GROMACS version: 2024.2
GROMACS modification: Yes/No
Here post your question

Hey,

I know there has recently been discussion on removing the OpenCL support soon. However, I have personal interest on OpenCL so I hope I could get some clarification to this here.

As a background, I am running Gromacs OpenCL on top of PoCL cpu-driver. Currently, I have focused only on nonbonded interactions, that are calculated at cpu through the OpenCL backend.

More specifically, I am stuck at the energy minimization step which produces wrong results:

Energy minimization has stopped, but the forces have not converged to the
requested precision Fmax < 1000 (which may not be possible for your system).
It stopped because the algorithm tried to make a new step whose size was too
small, or there was no change in the energy since last step. Either way, we
regard the minimization as converged to within the available machine
precision, given your starting configuration and EM parameters.)

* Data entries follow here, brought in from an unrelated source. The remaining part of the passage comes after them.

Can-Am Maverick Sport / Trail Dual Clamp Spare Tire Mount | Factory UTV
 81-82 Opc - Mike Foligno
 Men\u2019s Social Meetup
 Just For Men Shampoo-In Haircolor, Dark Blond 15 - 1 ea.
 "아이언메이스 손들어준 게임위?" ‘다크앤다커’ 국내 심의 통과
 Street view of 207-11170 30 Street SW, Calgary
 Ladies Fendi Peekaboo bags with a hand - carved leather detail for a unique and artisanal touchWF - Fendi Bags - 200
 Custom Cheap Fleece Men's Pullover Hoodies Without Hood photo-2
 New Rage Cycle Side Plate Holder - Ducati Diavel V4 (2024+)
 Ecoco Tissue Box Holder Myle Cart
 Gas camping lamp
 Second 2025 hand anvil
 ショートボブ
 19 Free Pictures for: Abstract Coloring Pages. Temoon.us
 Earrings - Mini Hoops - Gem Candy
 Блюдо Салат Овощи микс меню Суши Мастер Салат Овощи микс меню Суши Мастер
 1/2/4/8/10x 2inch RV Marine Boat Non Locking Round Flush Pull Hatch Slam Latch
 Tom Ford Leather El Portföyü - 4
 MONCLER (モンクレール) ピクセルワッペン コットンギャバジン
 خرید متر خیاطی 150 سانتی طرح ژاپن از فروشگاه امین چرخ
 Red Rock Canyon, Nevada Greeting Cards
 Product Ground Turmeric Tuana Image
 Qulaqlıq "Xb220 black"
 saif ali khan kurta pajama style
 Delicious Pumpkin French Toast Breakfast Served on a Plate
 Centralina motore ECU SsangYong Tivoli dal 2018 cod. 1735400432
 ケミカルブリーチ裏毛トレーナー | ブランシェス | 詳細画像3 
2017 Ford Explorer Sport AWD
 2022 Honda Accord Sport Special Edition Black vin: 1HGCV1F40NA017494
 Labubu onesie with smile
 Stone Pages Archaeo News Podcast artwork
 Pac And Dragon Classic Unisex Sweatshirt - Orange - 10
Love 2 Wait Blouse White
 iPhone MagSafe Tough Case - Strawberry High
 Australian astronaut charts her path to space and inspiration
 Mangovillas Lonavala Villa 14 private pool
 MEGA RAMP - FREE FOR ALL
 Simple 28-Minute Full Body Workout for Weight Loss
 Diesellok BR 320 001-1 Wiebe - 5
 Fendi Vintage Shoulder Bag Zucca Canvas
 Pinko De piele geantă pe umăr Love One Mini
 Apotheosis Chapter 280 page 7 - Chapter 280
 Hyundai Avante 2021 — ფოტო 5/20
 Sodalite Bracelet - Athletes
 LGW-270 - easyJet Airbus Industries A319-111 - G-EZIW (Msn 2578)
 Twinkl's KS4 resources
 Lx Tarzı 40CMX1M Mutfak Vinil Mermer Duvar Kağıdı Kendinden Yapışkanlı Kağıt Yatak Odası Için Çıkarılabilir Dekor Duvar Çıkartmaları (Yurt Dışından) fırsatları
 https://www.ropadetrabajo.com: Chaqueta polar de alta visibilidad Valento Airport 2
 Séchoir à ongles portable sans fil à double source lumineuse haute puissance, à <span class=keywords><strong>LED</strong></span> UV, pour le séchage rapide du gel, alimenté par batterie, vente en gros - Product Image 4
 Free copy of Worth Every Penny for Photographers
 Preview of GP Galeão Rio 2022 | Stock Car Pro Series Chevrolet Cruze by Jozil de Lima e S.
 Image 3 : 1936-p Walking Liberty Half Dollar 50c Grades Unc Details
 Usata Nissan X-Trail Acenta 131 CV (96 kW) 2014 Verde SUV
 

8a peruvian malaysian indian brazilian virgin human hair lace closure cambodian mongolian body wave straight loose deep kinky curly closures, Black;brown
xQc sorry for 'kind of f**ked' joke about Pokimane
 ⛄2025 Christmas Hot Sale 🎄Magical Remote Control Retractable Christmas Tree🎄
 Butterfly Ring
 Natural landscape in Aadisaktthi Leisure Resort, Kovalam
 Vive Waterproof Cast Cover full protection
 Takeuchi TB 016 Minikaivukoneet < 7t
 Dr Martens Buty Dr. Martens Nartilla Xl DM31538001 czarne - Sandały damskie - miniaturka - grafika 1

To help the debugging, I have tried to minimize the simulated system by using single methanol molecule accompanied with 7 water molecules. Wrong force calculations are produced already at first iteration after the OpenCL kernel is executed.

I have set:

GMX_OCL_NOOPT=1
GMX_OCL_NOFASTGEN=1
GMX_OCL_DISABLE_FAST_MATH=1
GMX_GPU_DISABLE_COMPATIBILITY_CHECK=1
GMX_OCL_FORCE_CPU=1

Also, I have disabled USE_CJ_PREFETCH manually.

My gromacs installation:

GROMACS version: 2024-dev-20240130-4d5683a176-dirty
GIT SHA1 hash: 4d5683a176e64fa46ec9da70755d263fa23c9cdf (dirty)
Precision: mixed
Memory model: 64 bit
MPI library: thread_mpi
OpenMP support: enabled (GMX_OPENMP_MAX_THREADS = 128)
GPU support: OpenCL
NBNxM GPU setup: super-cluster 2x2x2 / cluster 4
SIMD instructions: AVX2_128
CPU FFT library: fftw-3.3.8-sse2-avx-avx2-avx2_128
GPU FFT library: clFFT
Multi-GPU FFT: none
RDTSCP usage: enabled
TNG support: enabled
Hwloc support: disabled
Tracing support: disabled
C compiler: /usr/bin/cc GNU 12.3.0
C compiler flags: -Wno-array-bounds -fexcess-precision=fast -funroll-all-loops -mavx2 -mfma -Wall -Wno-unused -Wunused-value -Wunused-parameter -Wextra -Wno-sign-compare -Wpointer-arith -Wundef -Werror=stringop-truncation -Wno-missing-field-initializers -O3 -DNDEBUG
C++ compiler: /usr/bin/c++ GNU 12.3.0
C++ compiler flags: -Wno-array-bounds -fexcess-precision=fast -funroll-all-loops -mavx2 -mfma -Wall -Wextra -Wpointer-arith -Wmissing-declarations -Wundef -Wstringop-truncation -Wno-missing-field-initializers -Wno-cast-function-type-strict -fopenmp -O3 -DNDEBUG
BLAS library: External - detected on the system
LAPACK library: External - detected on the system
OpenCL include dir: /usr/include
OpenCL library: /usr/lib/x86_64-linux-gnu/libOpenCL.so
OpenCL version: 3.0

So, lately I have been trying to figure out what the kernel actually does (the specific kernel is nbnxn_kernel_ElecEw_VdwLJCombGeom_VF_prune_opencl). Could someone elaborate on this? Global worksize seems to be 88x8, making a total of 11 work groups (each of size 8x8). So, this kernel executes a total of 704 times per iteration. What I don’t understand, is that how does this number map to 27 atoms that my system has? My idea was that there is grid where atoms lie, and each kernel execution handles part of that grid, but the number of kernel executions seem to be way too large for this.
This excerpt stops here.